[Brief descriptive captions]
*** Block opens ***

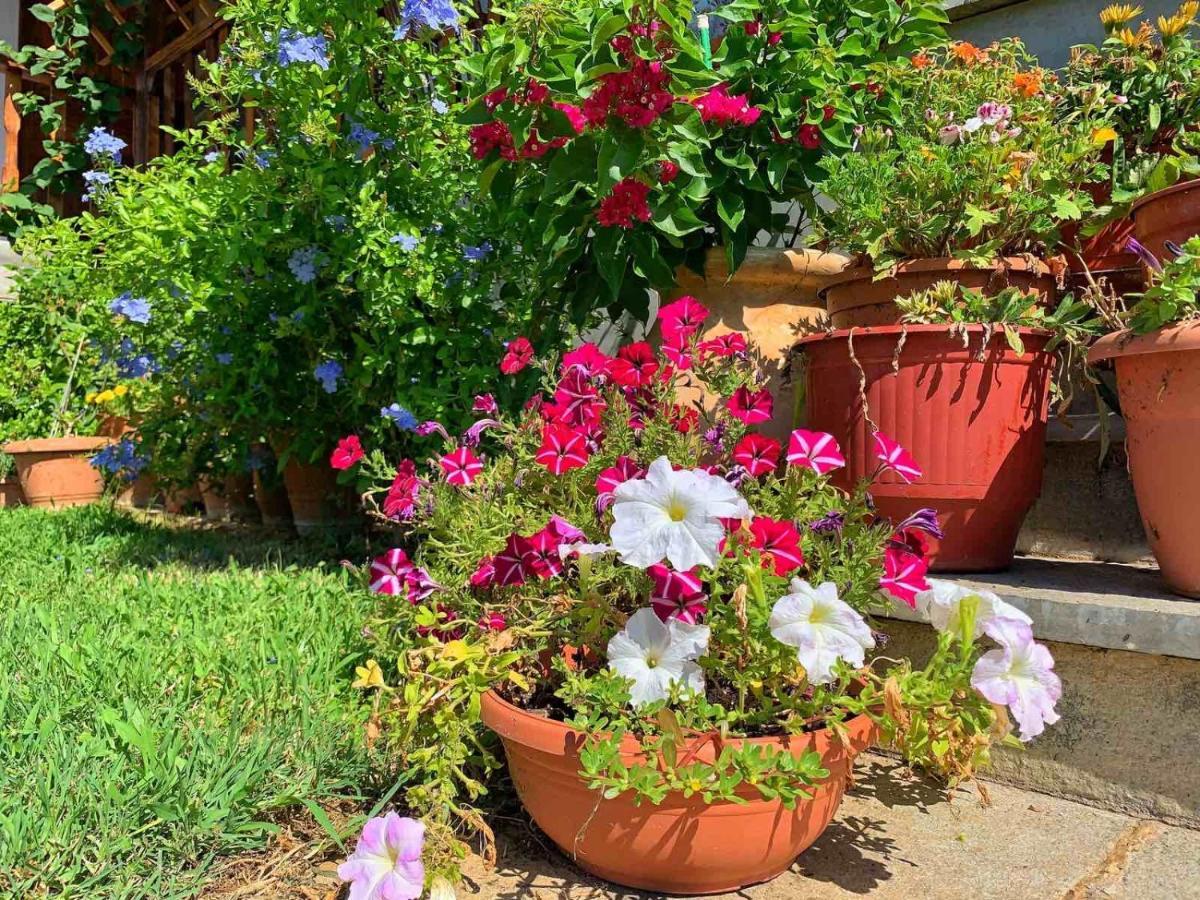 Ivonnis Garden Villa Mesimvria  Buitenkant foto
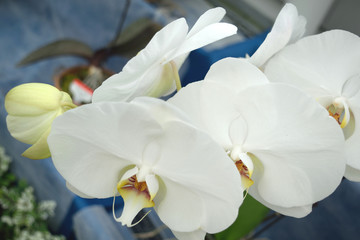 Naklejka na ściany i meble 胡蝶蘭 ファレノプシス・アマビリス 白い花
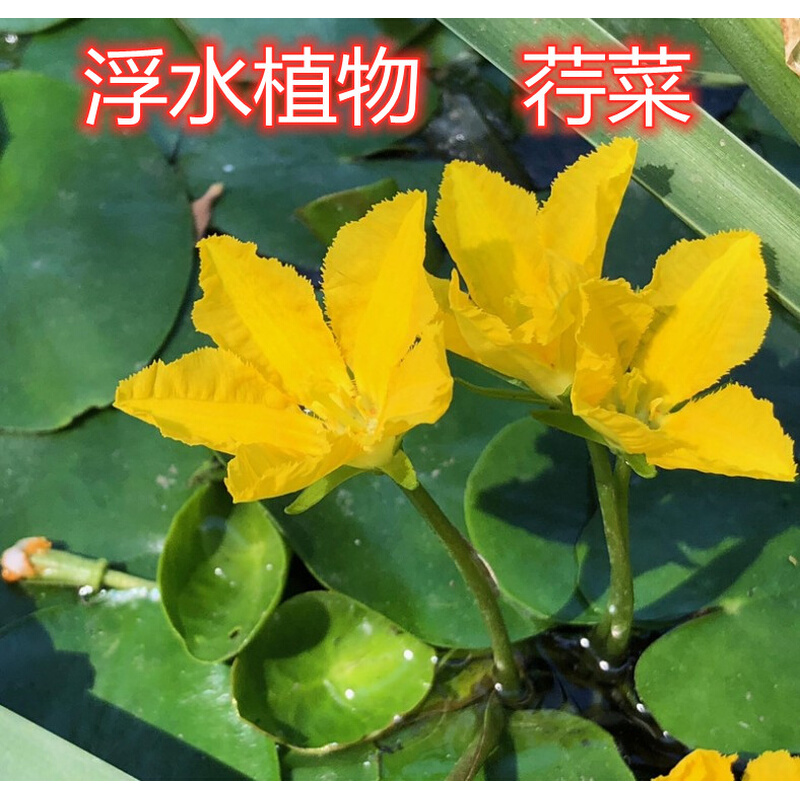 水生植物浅水植物浮水植物荇菜莕菜莲叶莕菜驴蹄莱水荷叶美化水面 鲜花速递/花卉仿真/绿植园艺 绿植 原图主图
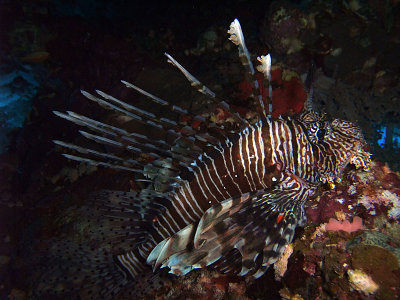 Resting Lionfish 10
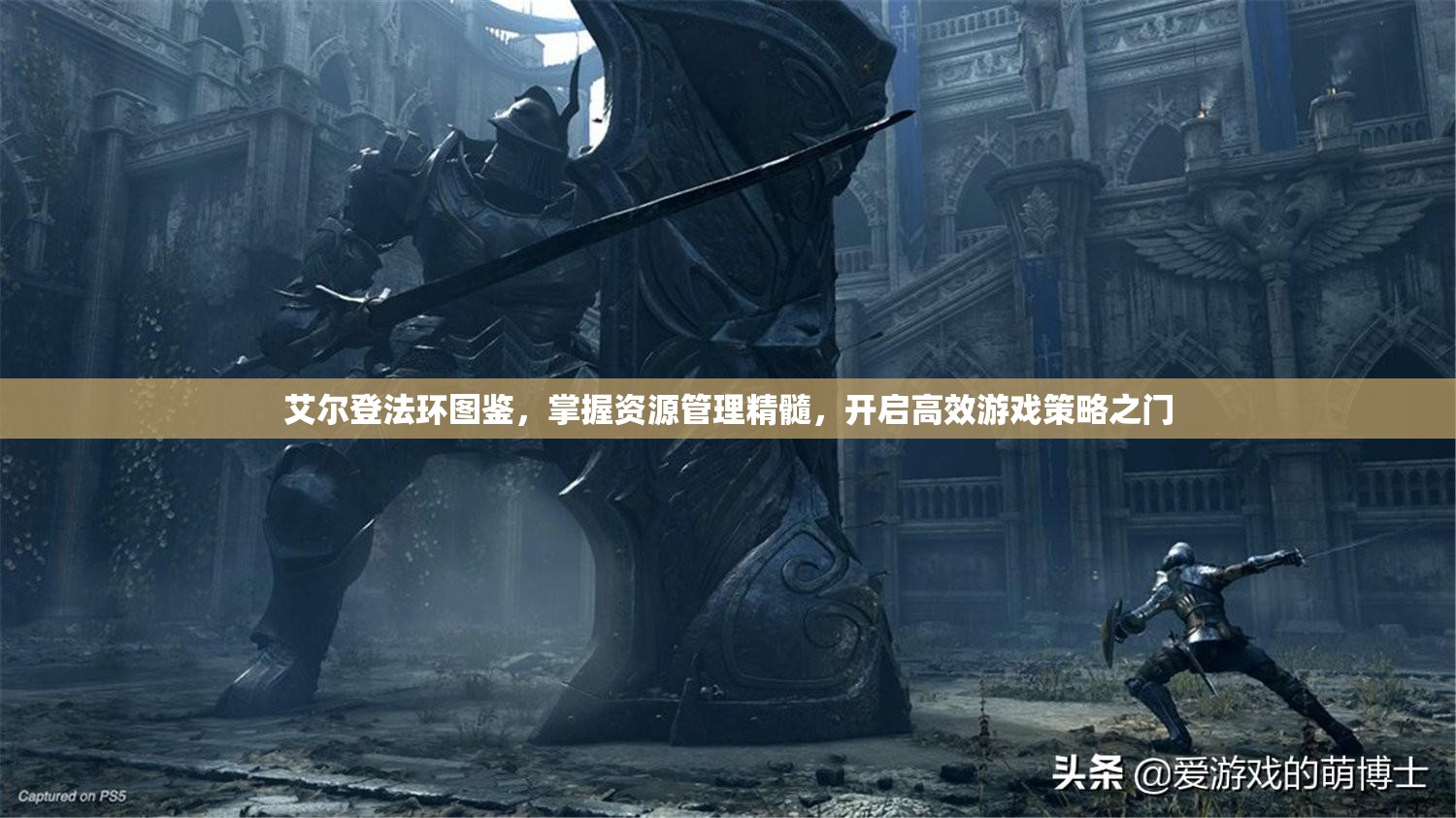 艾尔登法环图鉴，掌握资源管理精髓，开启高效游戏策略之门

*** Block closes ***

> [Requirement] All of the data above must be printed exactly, minus its pictures.

> [Exercise solution]
 Ivonnis Garden Villa Mesimvria  Buitenkant foto
 Naklejka na ściany i meble 胡蝶蘭 ファレノプシス・アマビリス 白い花
 水生植物浅水植物浮水植物荇菜莕菜莲叶莕菜驴蹄莱水荷叶美化水面 鲜花速递/花卉仿真/绿植园艺 绿植 原图主图
 Resting Lionfish 10
 艾尔登法环图鉴，掌握资源管理精髓，开启高效游戏策略之门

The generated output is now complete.